__Task prompt__.
Exactly as written, return every line of the data below apart from the pictures.

** Dataset excerpt follows **

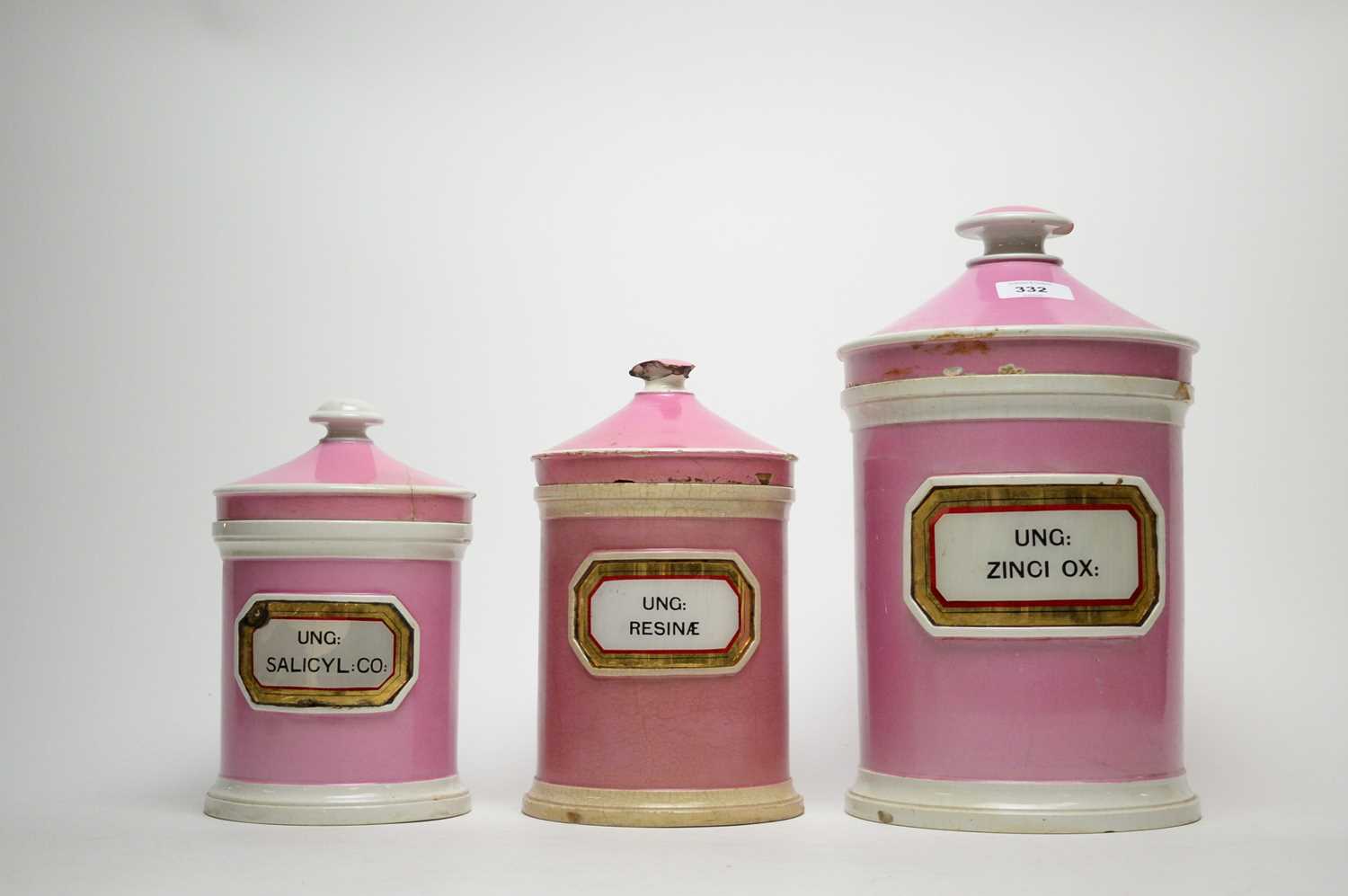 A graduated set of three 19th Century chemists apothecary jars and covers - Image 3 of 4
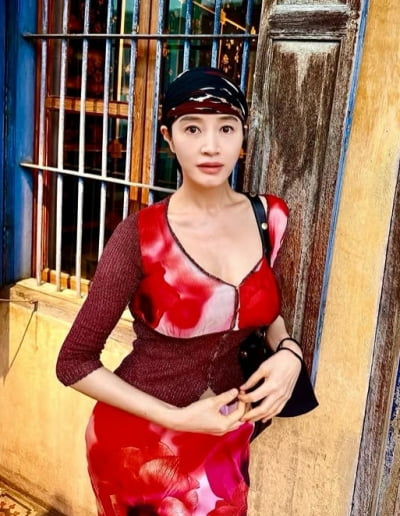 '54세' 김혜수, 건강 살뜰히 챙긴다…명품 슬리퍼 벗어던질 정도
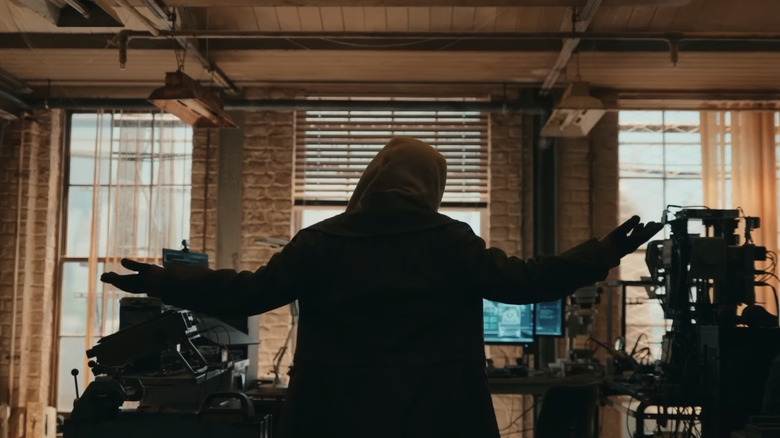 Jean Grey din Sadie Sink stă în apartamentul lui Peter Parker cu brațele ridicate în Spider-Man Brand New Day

** End of Dataset excerpt **

__Task answer__.
 A graduated set of three 19th Century chemists apothecary jars and covers - Image 3 of 4
 '54세' 김혜수, 건강 살뜰히 챙긴다…명품 슬리퍼 벗어던질 정도
 Jean Grey din Sadie Sink stă în apartamentul lui Peter Parker cu brațele ridicate în Spider-Man Brand New Day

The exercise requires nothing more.